Effects of illumination, texture, and motion on task performance in 3D tensor-field streamtube visualizations
Visualization Symposium, IEEE Pacific (2012)
Songdo, Korea (South)
Feb. 28, 2012 to Mar. 2, 2012
Devon Penney , Brown University, USA
Jian Chen , University of Southern Mississippi, USA
David H. Laidlaw , Brown University, USA
We present results from a user study of task performance on streamtube visualizations, such as those used in three-dimensional (3D) vector and tensor field visualizations. This study used a tensor field sampled from a full-brain diffusion tensor magnetic resonance imaging (DTI) dataset. The independent variables include illumination model (global illumination and OpenGL-style local illumination), texture (with and without), motion (with and without), and task. The three spatial analysis tasks are: (1) a depth-judgment task: determining which of two marked tubes is closer to the user's viewpoint, (2) a visual-tracing task: marking the endpoint of a tube, and (3) a contact-judgment task: analyzing tube-sphere penetration. Our results indicate that global illumination did not improve task completion time for the tasks we measured.

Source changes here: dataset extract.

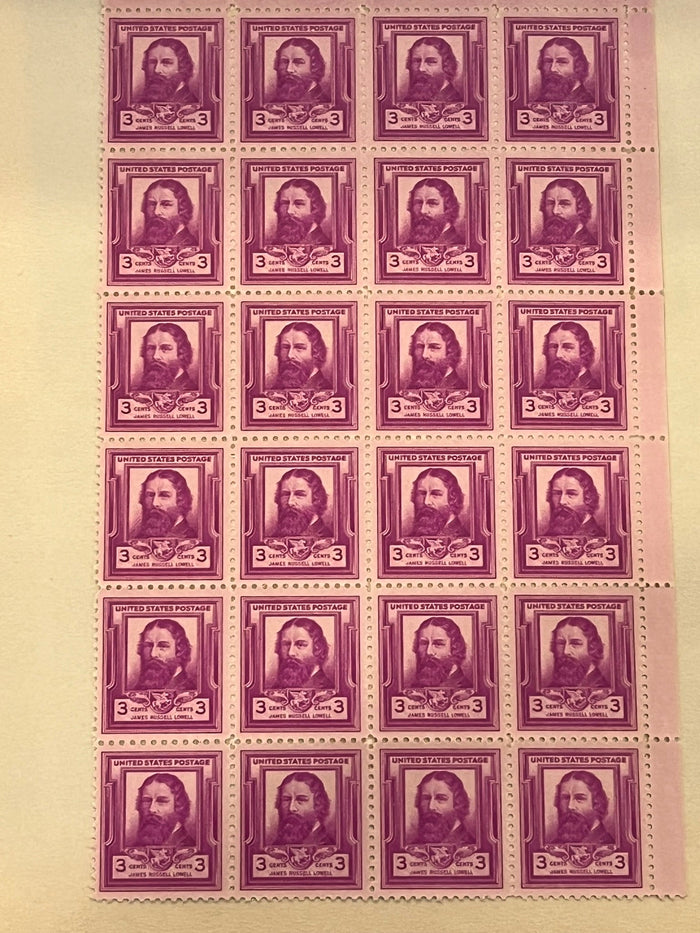 3c James Russell Lowell sheet of 24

Global illumination reduced the errors in participants' answers over local OpenGLstyle rendering for the visual-tracing task only when motion was present. Motion contributed to spatial understanding for all tasks, but at the cost of longer task completion time. A high-frequency texture pattern led to longer task completion times and higher error rates. These results can help in the design of lighting model, such as flow or diffusion-tensor field visualizations and identify situations when the lighting is more efficient and accurate.
J. Chen, D. H. Laidlaw and D. Penney, "Effects of illumination, texture, and motion on task performance in 3D tensor-field streamtube visualizations," Visualization Symposium, IEEE Pacific(PACIFICVIS), Songdo, Korea (South), 2012, pp. 97-104.